BOZMA SONRASI YAPILAN YARGILAMA VE DELİLLERİN DEĞERLENDİRİLMESİ
Bozma sonrası alınan 10.6.2015 tarihli bilirkişiler …, …, … raporlarında, internet sayfasında bir telif bedeli tahakkuk ettiği varsayılacak olursa 2.5.2013 tarihli bilirişilerce düzenlenen rapora katıldıklarını, toplamda 1600 TL nin 3 katı 4800 TL nın telif bedeli olabileceğini bildirdikleri anlaşılmış,10.1.2017 tarihli 2.ek raporlarında ise farklı bir hesaplama yöntemine ulaşamadıklarını, kök ve ek raparlarındaki hesaplama yöntemlerini değiştirecek bir veri olmadığını, tazminatın gerekli olursa BK hükümlerine göre hesaplanabileceğini bildirdikleri anlaşılmıştır.
Davacı vekili mahkememizin 2010/6 D.iş nolu dosyası ile internet siteleri üzerinde delil tespiti yaptırarak … Noterliği’nden … tarihinde izinsiz kullanım nedeniyle tazminat talebinde bulunmuştur.
İhbar olunan … Reklam İletişim Danışmanlığı ve Eğitim A.Ş vekili müvekkili ile davalı arasında …, …, …, … konut pazarlama ve kurumsal imaj filminin çekilmesi konusunda anlaşma yapıldığını ve filmin davacı tarafından gerçekleştirildiğini, çekim bedelinin davacı şirkete ödendiği için şirketin müvekkili aleyhine… 13.Asliye Ticaret Mahkemesine açtığı … nolu davadan feragat ettiğini, telif haklarının hala müvekkilinde olduğunu savunmaktadır.
Davacı vekili bir yıllık sözleşme süresi sona erdikten sonra filmin internette yayınlandığını, film üzerindeki hakların davalıya devri için … Reklam İletişim Danışmanlığı ve Eğitim A.Ş ye izin verilmediğini savunmuştur. Böylece filmin davacı tarafından dava dışı … Reklam İletişim Danışmanlığı ve Eğitim A.Ş firması için yapılıp teslim edildiğinde ve davanın tarafları arasında yazılı bir sözleşme bulunmadığından uyuşmazlık bulunmamaktadır. Davalı, … Reklam İletişim Danışmanlığı ve Eğitim A.Ş ile yapılan 31/01/2006 tarihli sözleşme gereğince filmin … Reklam İletişim Danışmanlığı ve Eğitim A.Ş tarafından yapıldığını savunmuş ise de … 13.Asliye Ticaret Mahkemesi’nin … nolu davadaki taraf dilekçe ve beyanlarından ve davacının yapımcı olarak oyuncu ve yönetmenden hakları devir aldığına ilişkin 01/03/2006 ve 10/01/2006 tarihli sözleşmelerden filmin davacı tarafından yapılıp … Reklam İletişim Danışmanlığı ve Eğitim A.Ş’ye verildiği anlaşılmaktadır.

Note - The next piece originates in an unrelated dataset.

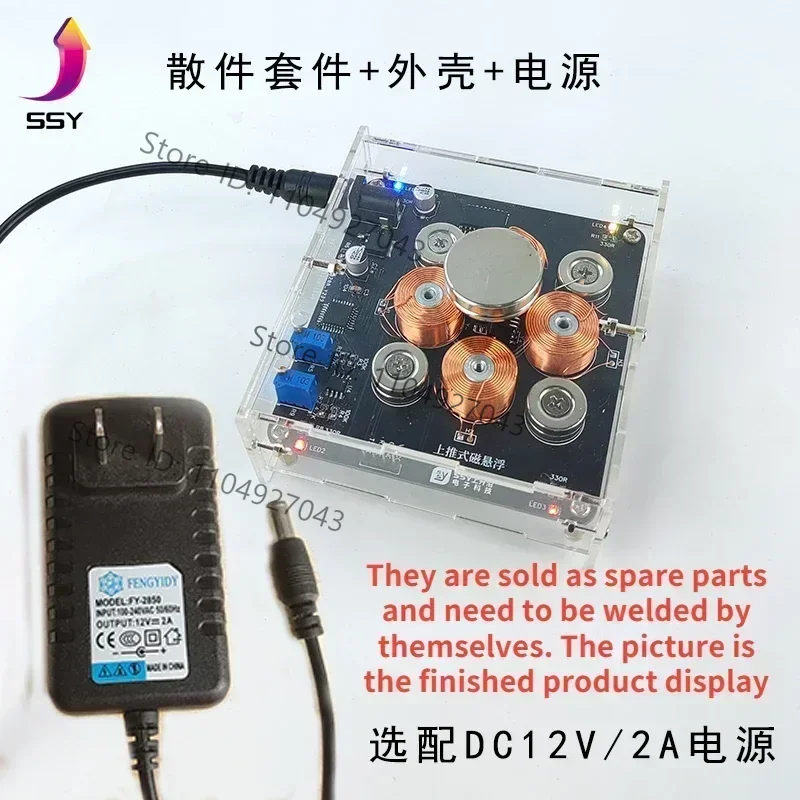Electronic manufacturing kit manual welding practice push down magnetic levitation experiment DIY parts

Davalı ile … Reklam İletişim Danışmanlığı ve Eğitim A.Ş arasında yapılan 31/01/2006 tarihli sözleşme ile “…nın kurumsal kimliği ve konut projeleri ile ilgili olarak 60 saniyelik reklam filminin ajans tarafından 150.000 Dolar karşılığı yapılması öngörülmüştür.
… Reklam İletişim Danışmanlığı ve Eğitim A.Ş vekili 27/05/2011 havale tarihli dilekçesinde “reklam filminin o günün şartlarında … projelerini potansiyel alıcılara tanıtmak ve kurum imajı yaratmak için hazırlanan kampanyanın parçası olduğunu, internet mecrasına özel bir film hazırlanmadığını, filmin Tv filmi olarak çekilip yayınlandığını, davalının Tv haricinde diğer mecralar için izin ve telif hakkı almadığını, davalının internet sayfasında filmi yayınlamasının müvekkilininin bilgisi dışında gerçekleştiğini, filmin kullanım süresi hakkında da müvekkiline danışmadığını ifade etmiştir.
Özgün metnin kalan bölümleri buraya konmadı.